8. De toepasselijke wetsartikelen
De op te leggen straf is gegrond op de artikelen:
- -
9, 22c, 22d, 36f, 302 van het Wetboek van Strafrecht;
Deze voorschriften zijn toegepast, zoals zij golden ten tijde van het bewezenverklaarde.
9. De beslissing
De rechtbank,
verklaart wettig en overtuigend bewezen, dat de verdachte het primair tenlastegelegde feit heeft begaan en dat het bewezenverklaarde uitmaakt:
zware mishandeling;
verklaart het bewezen verklaarde en de verdachte deswege strafbaar;
verklaart niet bewezen hetgeen aan de verdachte meer of anders is tenlastegelegd dan hierboven is bewezen verklaard en spreekt de verdachte daarvan vrij;
veroordeelt de verdachte tot:
een taakstraf, bestaande uit een werkstraf, zijnde het verrichten van onbetaalde arbeid, voor de tijd van 120 (honderdtwintig) UREN;
beveelt, voor het geval dat de veroordeelde de taakstraf niet naar behoren verricht, dat vervangende hechtenis zal worden toegepast voor de tijd van 60 (zestig) DAGEN;
wijst de vordering tot schadevergoeding van de benadeelde partij [X] gedeeltelijk toe en veroordeelt verdachte om tegen behoorlijk bewijs van kwijting te betalen aan
[X], [adres], een bedrag van € 2.388,98, vermeerderd met de gevorderde wettelijke rente daarover vanaf 29 september 2007 tot aan de dag waarop deze vordering is voldaan;
veroordeelt de verdachte tevens in de proceskosten door de benadeelde partij gemaakt, tot op heden begroot op nihil, en ten behoeve van de tenuitvoerlegging nog te maken;
bepaalt dat de benadeelde partij voor het overige deel niet-ontvankelijk is in de vordering tot schadevergoeding;
legt aan verdachte op de verplichting tot betaling aan de Staat van een bedrag groot
€ 2.388,98, vermeerderd met de gevorderde wettelijke rente daarover vanaf 29 september 2007 tot aan de dag waarop deze vordering is voldaan, ten behoeve van het slachtoffer genaamd [X];
bepaalt dat in geval noch volledige betaling noch volledig verhaal van het verschuldigde bedrag volgt - onder handhaving van voormelde verplichting - vervangende hechtenis zal worden toegepast voor de duur van 33 dagen;
bepaalt dat voldoening van de ene betalingsverplichting de andere doet vervallen.

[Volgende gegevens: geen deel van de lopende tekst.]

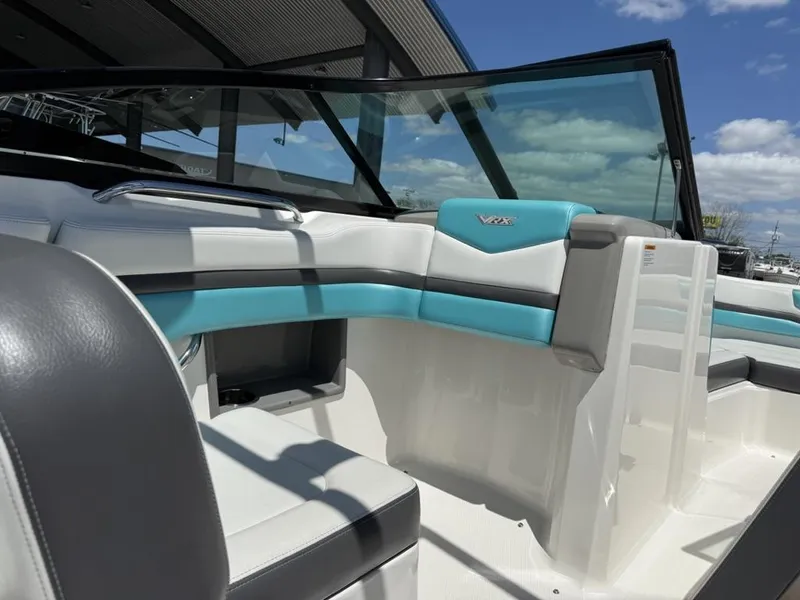 Slide: The Image of 2016 Chaparral VRX 203 boat interior with blue and white seating under a clear sky. - 4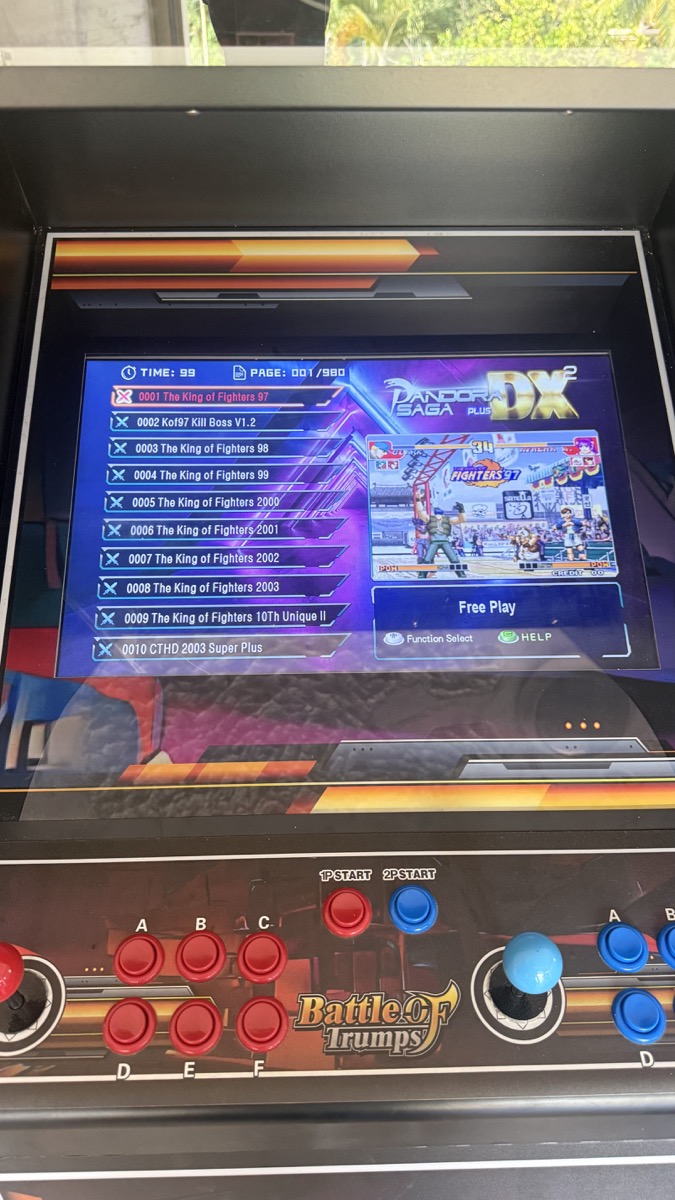 Arcade screen showing the multi-game selection menu and two-player controls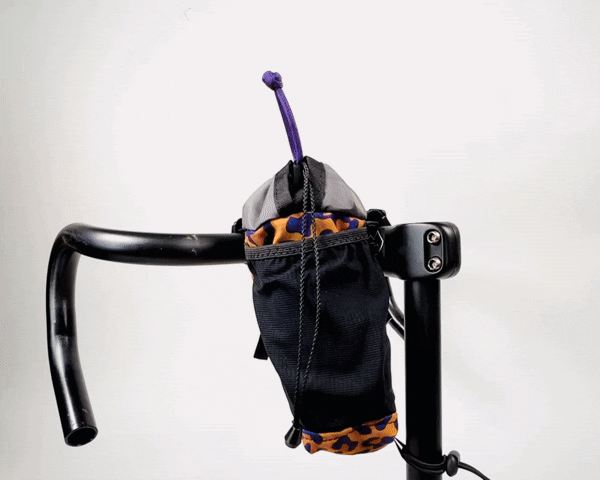 ein Roampacks Snack Bag mit Leo-Stoffmuster wird einhändig geöffnet und geschlossen.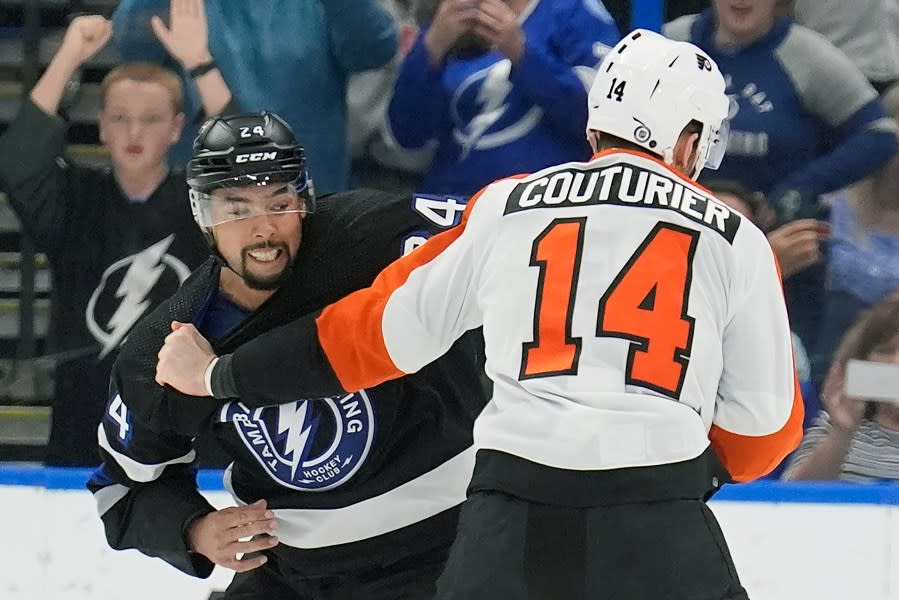 Tampa Bay Lightning defenseman Matt Dumba (24) and Philadelphia Flyers center Sean Couturier (14) fight during the second period of an NHL hockey game Saturday, March 9, 2024, in Tampa, Fla. (AP Photo/Chris O’Meara)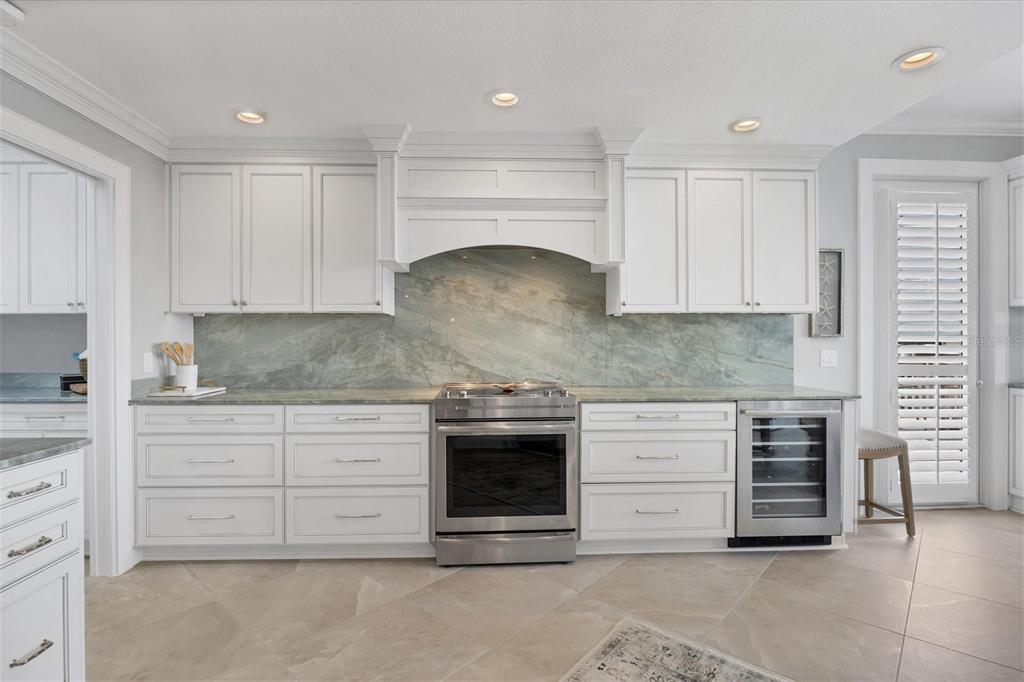 13213 Gasparilla Road, Unit B601 Placida, FL 33946 - Photo 14 of 36 a kitchen with granite countertop white cabinets and stainless steel appliances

Dit vonnis is gewezen door
mrs. Steenhuis, voorzitter,
Royakkers en Schotte, rechters,
in tegenwoordigheid van mr. Hamelink, griffier,
en uitgesproken ter openbare terechtzitting van 29 maart 2010.
Voetnoten
Voetnoten Uitspraak 29‑03‑2010
Rapport van scheidsrechter, dossier pag. 53, onderdeel ‘korte zakelijke omschrijving’.
Proces-verbaal van aangifte, pag. 12.
Proces-verbaal van aangifte, pag. 11
Proces-verbaal van aangifte, pag. 12.
Verklaring van aangever [X] bij de rechter-commissaris op 25 maart 2009.
Proces-verbaal, pag. 16.
Proces-verbaal, pag. 18.
Deskundigenrapport van het Nederlands Forensisch Instituut, opgesteld en ondertekend door H.N.J.M. van Venrooij, van 29 oktober 2009, pag. 4 van 6.
Deskundigenrapport van het Nederlands Forensisch Instituut, opgesteld en ondertekend door H.N.J.M. van Venrooij, van 29 oktober 2009, pag. 6 van 6, onderdeel 4.
Deskundigenrapport van het Nederlands Forensisch Instituut, opgesteld en ondertekend door H.N.J.M. van Venrooij, van 29 oktober 2009, pag. 6 van 6, onderdeel 5.
Deskundigenrapport van het Nederlands Forensisch Instituut, opgesteld en ondertekend door H.N.J.M. van Venrooij, van 29 oktober 2009, pag. 6 van 6, onderdeel 6.
Proces-verbaal van verhoor getuige, pag. 22 en 23.
Rapport van scheidsrechter, dossierpag. 52.
Rapport van scheidsrechter, dossierpag. 53.
Rapport van scheidsrechter, dossierpag. 56.
Rapport van de rapporteur, pag. 57
Handleiding voor Scheidsrechters Veldvoetbal, KNVB, oktober 2005, pag. 95.
Proces-verbaal van verhoor verdachte, pag. 36.
Proces-verbaal van verhoor verdachte, pag. 37.